Rêves de souvenirs
« Viper’s Dream » et le titre dévoile le récit qui baigne dans cette fumée qui envahit souvent les loges des musicien.ne.s, un rêve qui repose sur des histoires racontées par les fantômes qui s’agitent à New York, ville qui sait habilement mêler le passé, le présent et l’avenir dans ces fumées sortant de terre. Les légendes, les faits se sont tellement pénétrés qu’il est difficile et même inutile de les démêler. Jake Lamar, né dans le Bronx mais vivant en France depuis 1993 raconte l’arrivée de son Alabama natal d’un apprenti trompettiste qui, dans les années 1930, voudrait devenir musicien à Harlem. Faute de talent minimum, il devient homme de main d’un trafiquant de marijuana juif et devient un des caïds de Harlem.

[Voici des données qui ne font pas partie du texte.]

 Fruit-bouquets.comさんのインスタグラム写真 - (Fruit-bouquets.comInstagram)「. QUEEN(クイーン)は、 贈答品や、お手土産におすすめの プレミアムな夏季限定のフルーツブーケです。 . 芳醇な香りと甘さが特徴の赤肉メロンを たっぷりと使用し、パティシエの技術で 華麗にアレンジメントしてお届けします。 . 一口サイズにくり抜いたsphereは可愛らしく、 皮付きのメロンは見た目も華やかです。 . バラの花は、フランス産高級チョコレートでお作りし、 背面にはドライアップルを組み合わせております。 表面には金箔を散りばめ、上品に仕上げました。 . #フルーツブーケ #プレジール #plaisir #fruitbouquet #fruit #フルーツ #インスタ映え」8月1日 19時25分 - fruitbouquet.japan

Des flashs successifs nous baladent jusqu’aux aux débuts des années 1960 en mettant en scène, dans sa résidence appelée « Cathouse » – pour les chats, une centaine recensée et les « cats », les types à la coule -, la baronne Nica – Pannonica – de Koenigswarter et ses invités permanents ou occasionnels.

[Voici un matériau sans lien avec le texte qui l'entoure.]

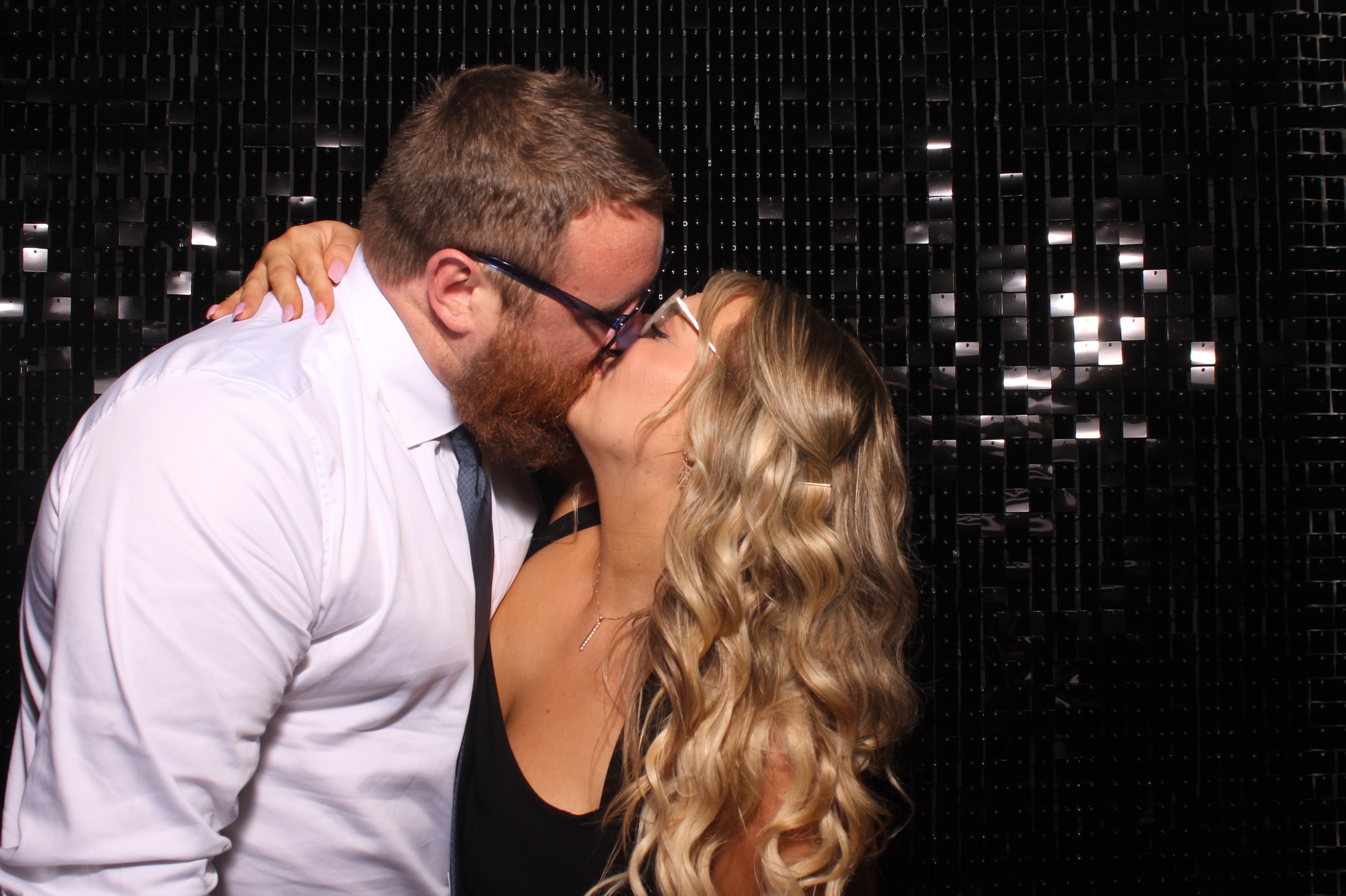 Dardaris/Buckner Wedding  | View more photos from the event at gallery.photoboothcincy.com/u/PhotoBoothCincy/DardarisBuckner-Wedding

Jake Lamar reprend toutes les histoires du jazz, de ses clubs passant de Harlem à la 52e rue, de la drogue mortelle, l’héroïne, des déchéances, des meurtres, de la gloire éphémère et de l’amour qui, dit-on, peut seul sauver ce monde pourri. La baronne, superbe, surplombe cette société raciste. Un des fils d’Ariane de ce roman baignant dans la nostalgie, est la demande de la baronne qu’elle fit aux musicien-ne.s de jazz de formuler trois vœux – le livre avec ses photos a été traduit aux éditions Buchet Chastel – et, dans le roman, elle le demande aussi à Clyde Morton et ses réponses proviennent directement des blues.

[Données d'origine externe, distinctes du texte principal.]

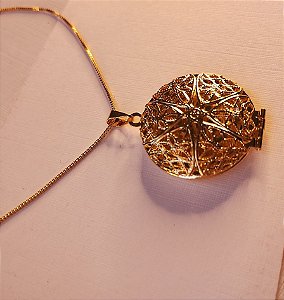 Colar relicário círculo vazado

Une habile présentation de l’arrière plan de la vie du jazz dans ces années là.
Nicolas Béniès
« Viper’s Dream », Jake Lamar, traduit par Catherine Richard-Mas, Rivages/Noir
Si l’on veut faire connaissance avec la baronne, entendre sa voix et les compositions hommages autour de son prénom, il faut écouter l’album Cristal Recors « A Tribute to Pannonica ».